Hope for the future?

This May’s election was a cruel irony to democracy advocates, with the opposition winning 53% of the vote but only 40% of the seats in parliament, a consequence of gerrymandering, greater-weighing of rural, Malay-dominated districts, and the realities of the British style first-past-the-post system. Next time, will 60% be enough? Or will the government be prepared and rig the system in its favor again?

Meanwhile, Barisan is now officially the longest-ruling political coalition in the world, in power now for an astounding 56 years. Though they say that they will pursue economic reforms and policies to bring people together, history shows that when rulers are threatened in resource-rich countries, they tend to become more entrenched and despotic, clinging to power through any means necessary.

Unless there are incredibly massive protests, or something unexpected occurs like a huge drop in resource prices, Malaysia’s parliamentary system does not require elections to be held again until 2018. While opponents, including opposition leader Anwar Ibrahim are already organizing to break Barisan’s monopoly, Malaysia’s brightest youth, Chinese, Malays, and Indians, will continue to emigrate abroad.

Will this be sustainable?

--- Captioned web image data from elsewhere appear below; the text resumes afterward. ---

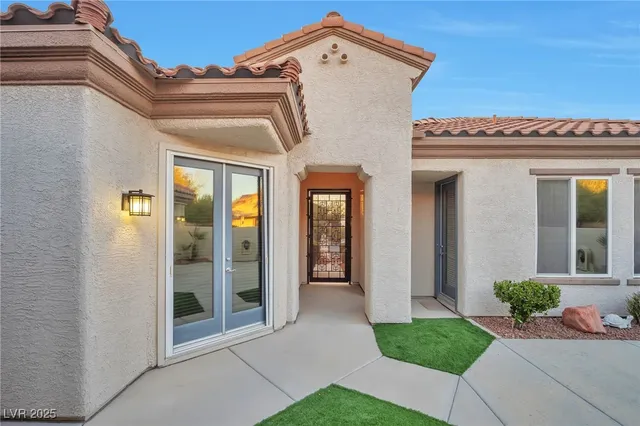 $2,995 | 2585 Portsmouth Creek Avenue, Henderson, NV 89052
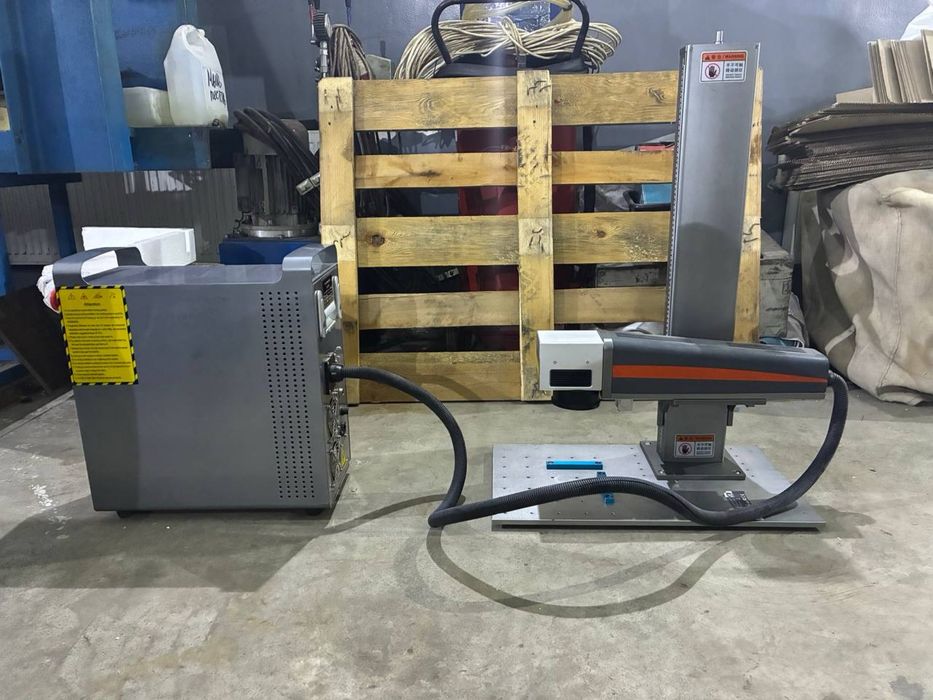 Волоконный лазерный гравёр XTlaser XTL-FP30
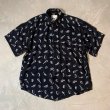 画像1: 【M/L】GOOUCH 半袖レーヨンシャツ ブラック 黒総柄■ビンテージ オールド レトロ アメリカ古着 90s 楽器 ギター ドラム バンド (1)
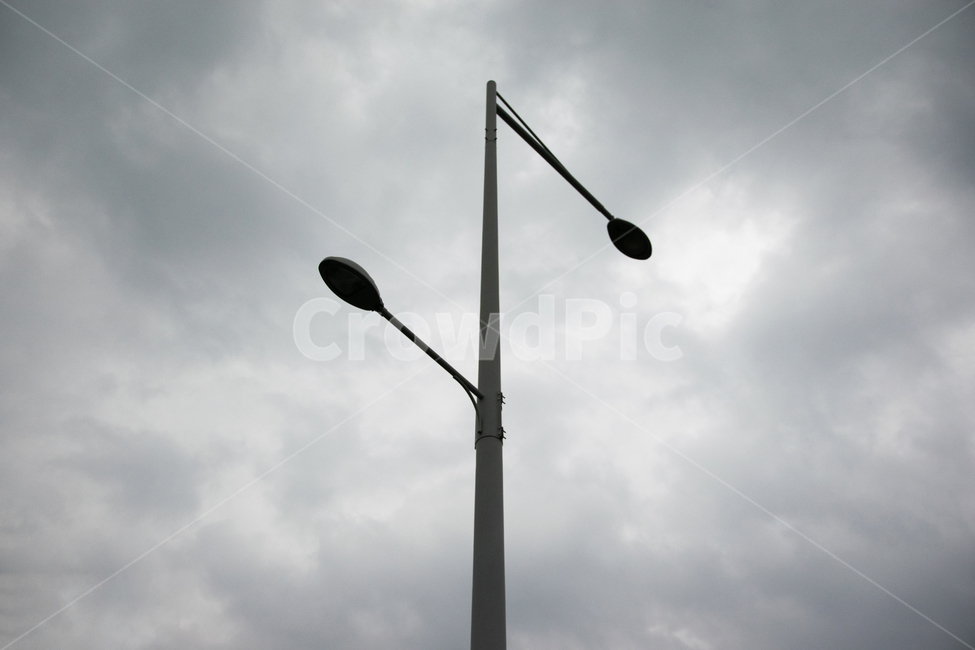 가로등,쓸쓸,적막,흐림,구름,어둠,자연,풍경,nature,landscape,lamp post,램프 포스트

Currently, oil prices are still high but oil reserves will eventually run dry. Malaysia’s palm oil advantage is slipping to countries like Indonesia, Nigeria, and Thailand. Environmental concerns are also leading more countries to restrict imports of the tropical-forest clearing crop. The economy is diversifying but it’s due to foreign factories and investment, not local innovation, and it’s not happening quickly enough. A real opposition might be able to press for genuine economic reforms that empower new industries, and perhaps, give an incentive to educated Malaysians, who might otherwise emigrate, to stay and build businesses in the country. Barisan, tied even more to its ethnic social policies, may not have the will, or ability, to make necessary changes. Only time will tell if it is people or natural resources that will determine Malaysia’s future.